老紳士・春樹と老女・真知子、願橋(その上で真剣に祈れば願いが叶う、と噂がある)の上で感極まったように見つめ合う。
二人は45年前の昭和20年、ここで一目惚れしあった。
どちらも婚約中の身の上だが駆け落ちを約束し、8月10日にここで落ち合うはずが家族にばれて婚礼まで軟禁された。
落ち合うはずの、ちょうどその時間のその場所に焼夷弾が落ちたと知ったのはずっと後の事。
結婚してからも相手を忘れられず、再建された願橋を昭和21年の8月10日に訪れてみると相手がいた。

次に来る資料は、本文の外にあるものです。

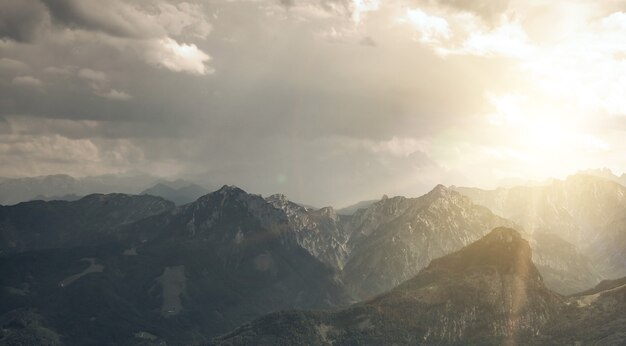 Panorama mountains in Alps in Austria. Backgrounds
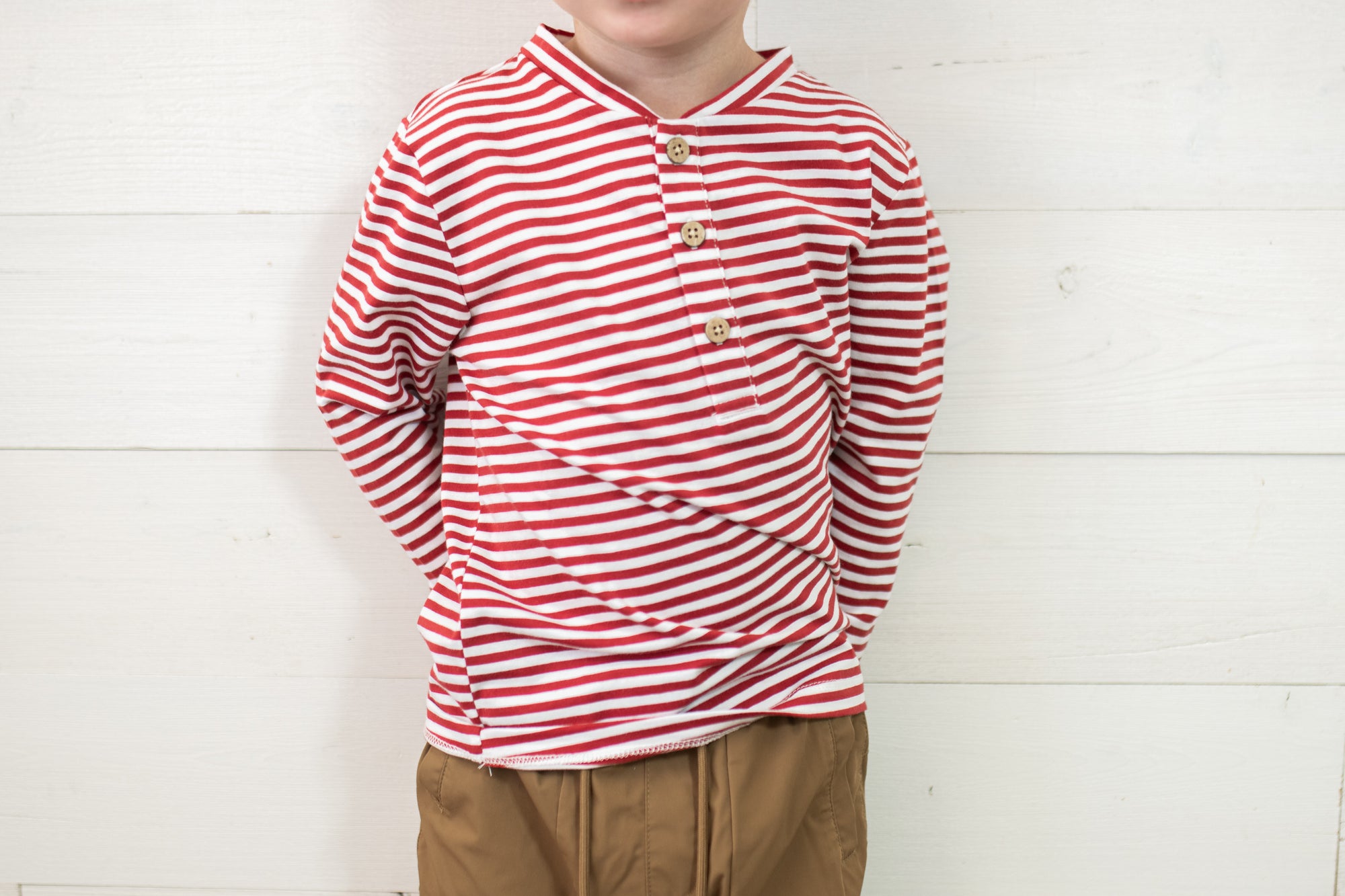 Adams Henley-Red & White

だから、毎年その日のその時間に橋の上でしばし語らおうと約束した。
春樹は息子に地位を譲ったが楽隠居はいつになるのか、重要な商談には欠かせない人材で年の三分の一はアメリカ暮らし。
真知子は手慰みに教え始めた生け花が盛況で、弟子志願が引きも切らず。
「お義母様がご一緒でないのならあたくしも家族旅行には参りませんから」
と、嫁は年寄りの億劫さを考えずに我儘を言う。
しばらくにこやかに話し合っていたが、どちらも何か口ごもる様子。
促されて、まず春樹が口を開く。
アメリカ支社に乞われて移住するので、おそらく帰国できまい。
真知子は生け花の弟子志願を断りきれず、時間が取れまい。
だから逢瀬は今年限り。
二人は互いの幸福と健康を願い、振り向かずに別れた。
138: 2/2@\(^o^)/ 2016/09/24(土) 10:14:54.00 ID:8GZ24z/MO
その数日前。
普段着姿の真知子、女主人に恭しく頭を下げる。
真知子は女中で、毎年8月10日には女主人の着物と宝石を借りて春樹と逢っていたのだった。
女主人は解雇を言い渡した。
病弱だし年寄りだし、身寄りも行くあてもないとかいうのも知ったことか、というわけ。
「奥様、ご心配なく…行くあては見つかりましたから」
同じ頃、ドヤ街で仕事にあぶれた春樹。
体を悪くしているらしく、足がふらつく。
春樹は山谷には珍しく、毎年この時期には一体何に使うのか、一年分の稼ぎを吐き出していたらしい。
かわいそうだが体がきかなくなったら山谷じゃおしまいさ、と春樹より若い住民は言った。
(これで未練なく旅立てる。でも)
(もしも願いが叶うなら)
(あの日あの時あの場所に)
(どうか戻してくださいましな)
昭和20年8月10日、
春樹と真知子は願橋の上にいた。
「本当にいいんですね、僕についてきてくれるんですね」
「ええ。あなたとならばどこまでも。何があっても後悔しませんわ」
今まさに、焼夷弾が落ちようとしている。